O Bangu tinha um belo time. Ney, que até um tempo atrás estava no Santos como treinador de goleiros, era o número 1 do time. Goleiraço!!! Cabrita, o lateral direito. No meio, Fernando, o camisa 5, que parecia meu irmão gêmeo e, sobre isto ainda tenho algo curioso para contar. Alves, era um meio campista super criativo. Jorginho carvoeiro, logo depois campeão brasileiro pelo Vasco, era o ponta-direita.  Edson Trombada, um tanque, que depois foi para o Flamengo, era o centroavante. Samuel, talentosíssimo, era o camisa 10. O treinador era o famoso Esquerdinha.

Em Chicago, após uma exibição de gala, o chefe da delegação, Heider José de Souza, foi procurado pelo presidente da comunidade brasileira local, que convidava a delegação para jantar e comemorar a vitória na boate, que era a sensação do momento. Convite feito, convite aceito pela maioria da delegação. E lá fomos nós saborear a vitória e conhecer o point de Chicago. Na chegada uma desagradável surpresa. Lá, já estava o presidente da nossa comunidade verde e amarela, comunicando que, infelizmente, a boate fora fechada para uma festa prive por um príncipe árabe. Após inúmeras tentativas por parte do nosso pessoal local, quando estávamos indo embora, surge um esbaforido enviado do príncipe árabe, dizendo que o mesmo havia assistido ao jogo e se encantara com o time do Bangu, convidando toda a turma para comemorar com ele a grande vitória. Entramos animadíssimos, e nos deparamos com uma disposição de mesas um tanto quanto estranha. Era uma fileira única de cadeiras em frente ao palco, onde o príncipe estava bem no meio e, óbvio, sobrou para nós a ponta-esquerda.

Começa o show e aparece uma contorcionista/dançarina, fenômeno de beleza, que deixou todos loucos. Ao meu lado um dos jogadores do Bangu foi literalmente à loucura. Saiu do sério. Ficou de joelhos, rezou para ela, enfim, fez o diabo para ser notado pela musa. E foi!!! Final do show. Quando o nosso personagem imaginava invadir o palco e se declarar para aquela loucura de mulher, um som de palmas… Era o príncipe convocando a deusa para ficar com ele. Na passagem até o príncipe o nosso craque se ajoelhou diante dela e, em português, rogou que voltasse para ele. A deusa, que nada falava de português, foi para o príncipe e, como num passe de mágica, terminou nos braços do brasileiro jogador. Sumiram…O príncipe irado. Ambiente horroroso. E nos restou ir embora.
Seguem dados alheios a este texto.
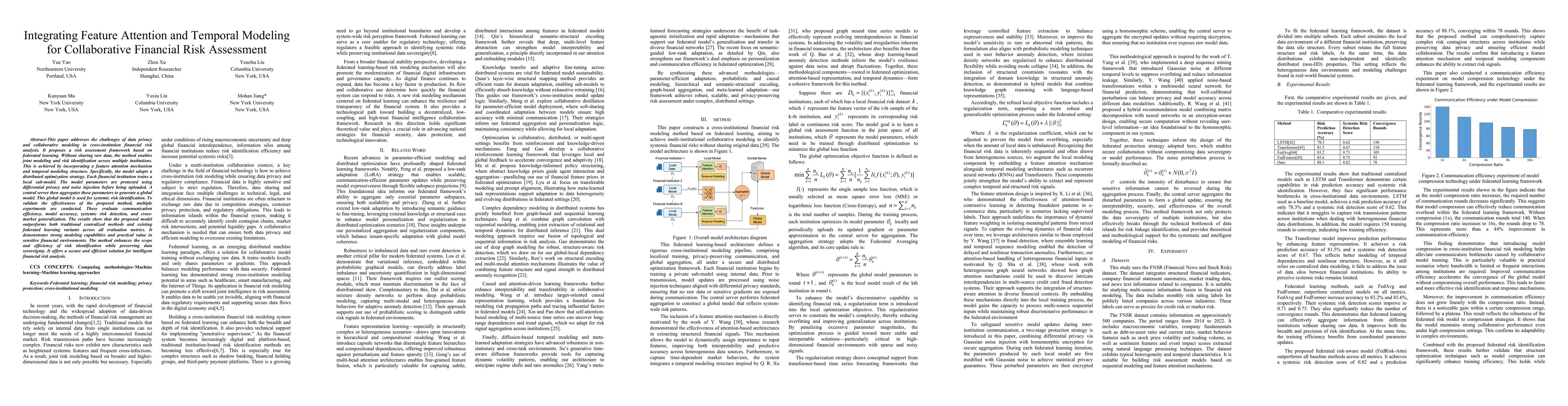 Thumbnail for Integrating Feature Attention and Temporal Modeling for Collaborative
  Financial Risk Assessment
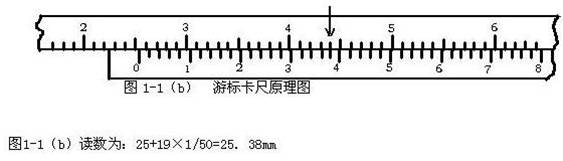 游标卡尺读数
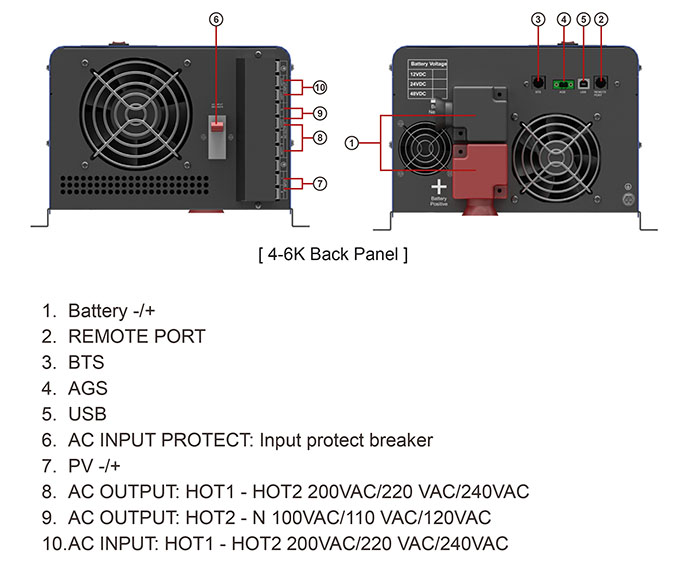 INVERSOR HIBRIDO PV33-6048TVL 6KW 48V-110V/220V 80A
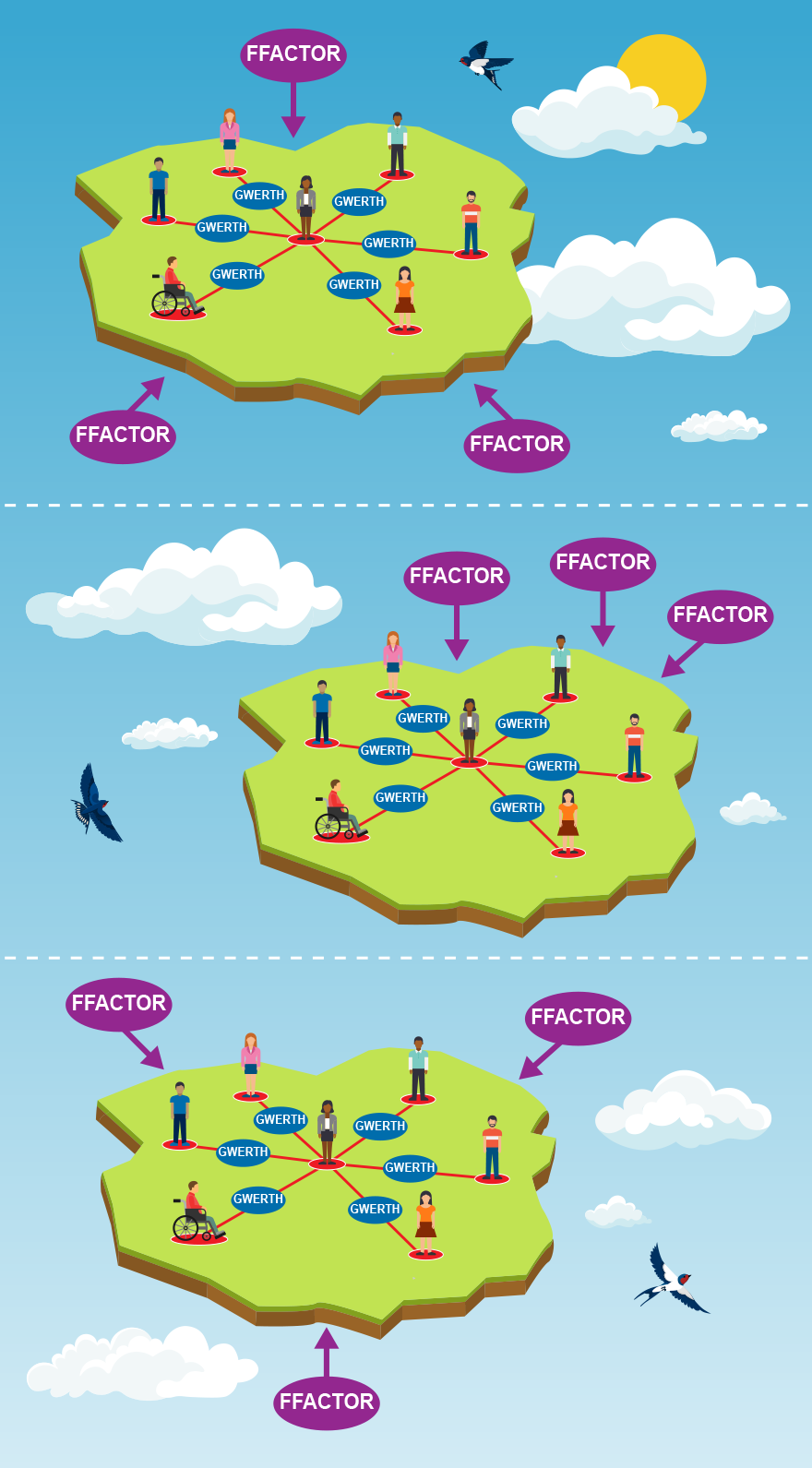 Y ddelwedd a ddisgrifir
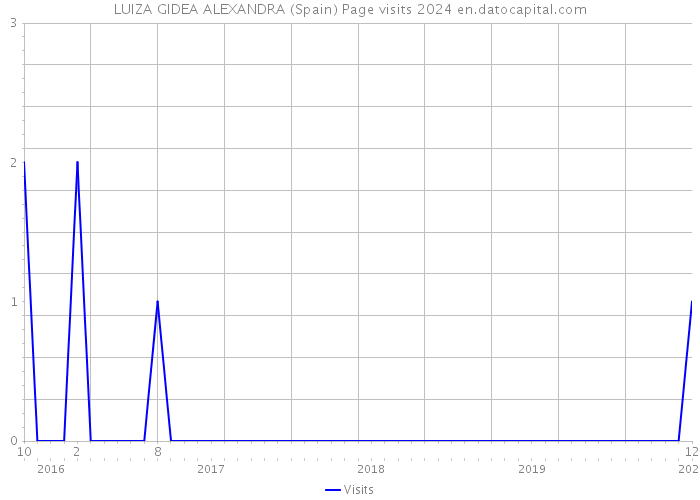 LUIZA GIDEA ALEXANDRA (Spain) Page visits 2024 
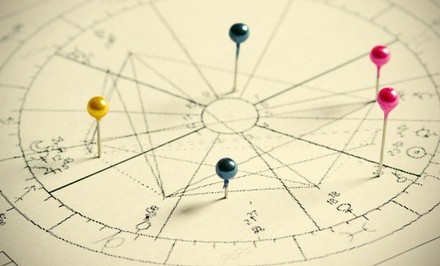 $110 for $200 Worth of Services — Wilton Psychic 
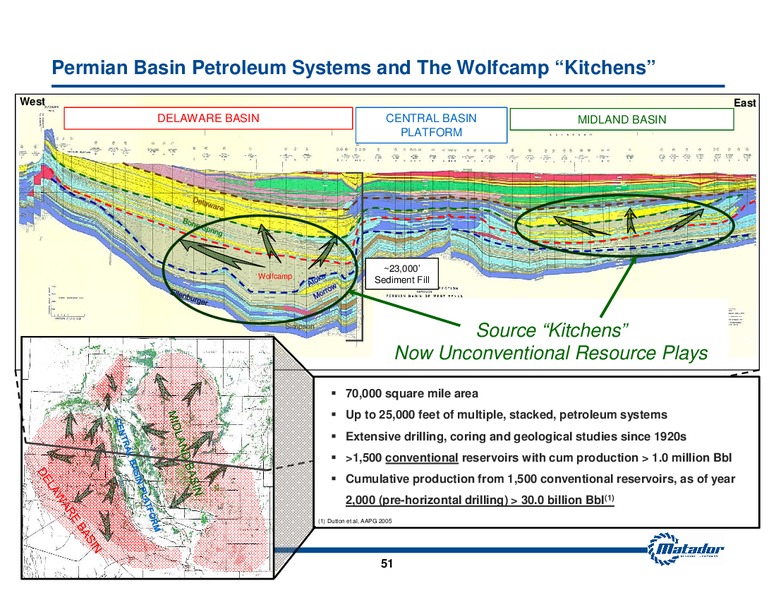 2013 Analyst Day Presentation – Matador Resources Company – slide 50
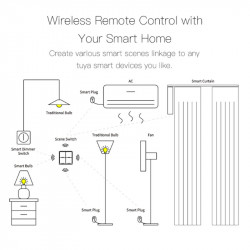 MOES - Wireless Zigbee smart switch - 1 button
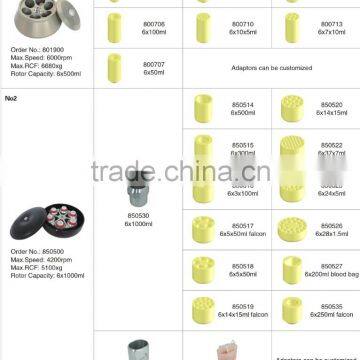 CL6R Super-Capacity Refrigerated Centrifuge photo-3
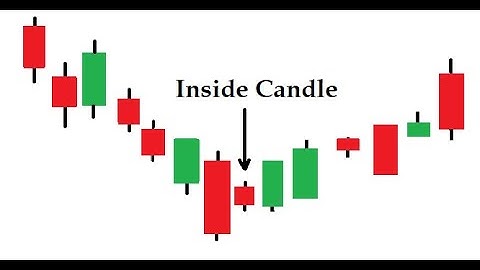 Inside Candle Trading Strategy | How to trade Inside Candlestick Patterns #trading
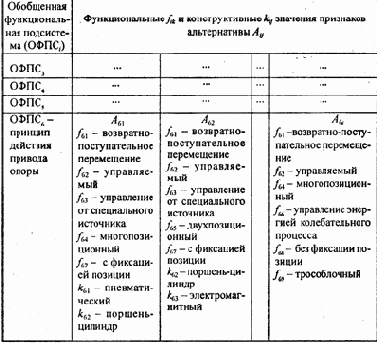 Разработка морфологических таблиц с использованием классификационных признаков 2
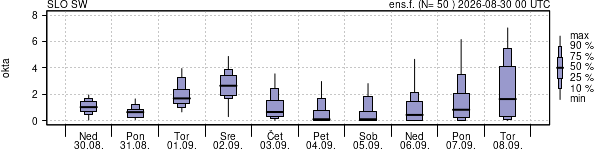Povprečje skupne oblačnosti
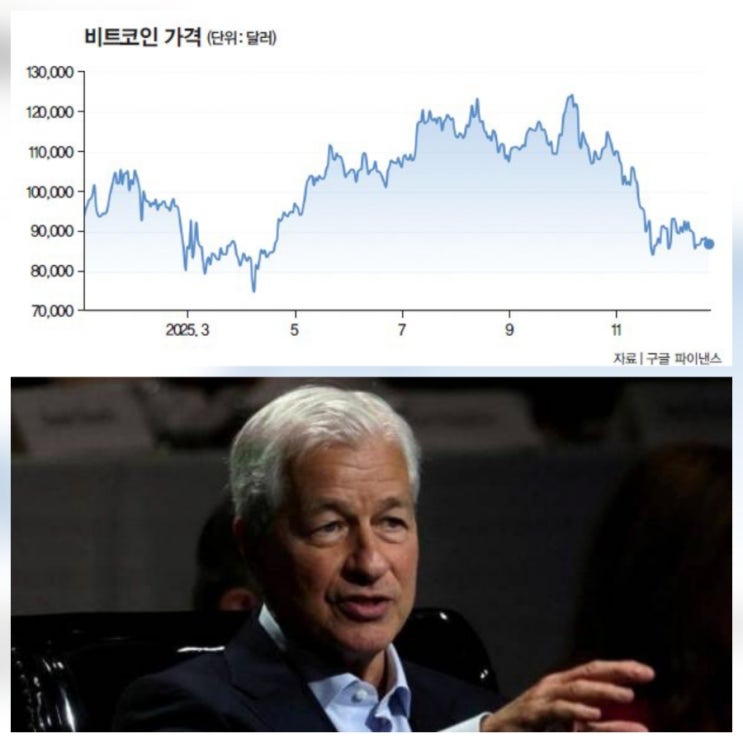 비트코인 JP모건 태도 변화 내년 최고일까 배경 가격 전망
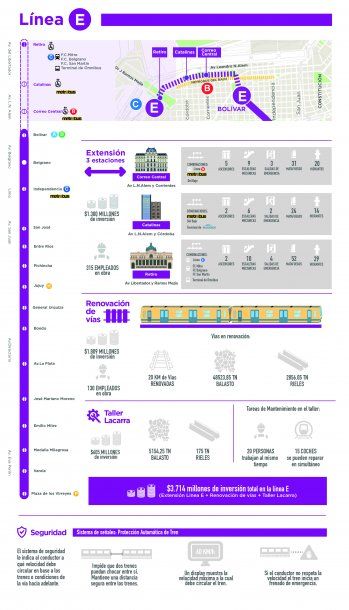 Fuente: buenosaires.gob.ar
Dia seguinte. Nova viagem. Saída marcada para o aeroporto para às 08:00h. Uma hora e meia antes, fui procurado pela nossa turminha preocupada com o louco desaparecimento do nosso craque. Depois de algumas providências, como arrumar sua mala e esperar por um milagre do aparecimento, eis que avisto no estacionamento do hotel, no carro conversível dela, o casal, apaixonado, abufelado e, em prantos, se despedindo. Com delicadeza, lá fui e disse da importância de seguirmos viagem. Já havia gente querendo punir o nosso craque por indisciplina, inclusive, já programando uma volta desgarrada…solitária… Felizmente, houve tempo para tudo. Para a despedida, para pegar o ônibus que nos conduziria ao aeroporto, e para todo o restante da excursão. Na volta, lado a lado, com ele no avião, vi por uma dezena de vezes a foto daquela linda mulher, mostrada por ele, com certeza, sua alma gêmea. Mostrava e chorava, afirmando que aquela era a mulher da vida dele. E foi!!! Embora nunca mais tivessem se encontrado…. E que mulher!!! Reverenciou o amor, felizmente, muito mais importante do que um príncipe árabe. Este depoimento é uma homenagem à mulher, como ser sublime, capaz de tudo pelo amor. E ao meu querido amigo que, com amor e talento, mandou um príncipe árabe para o espaço.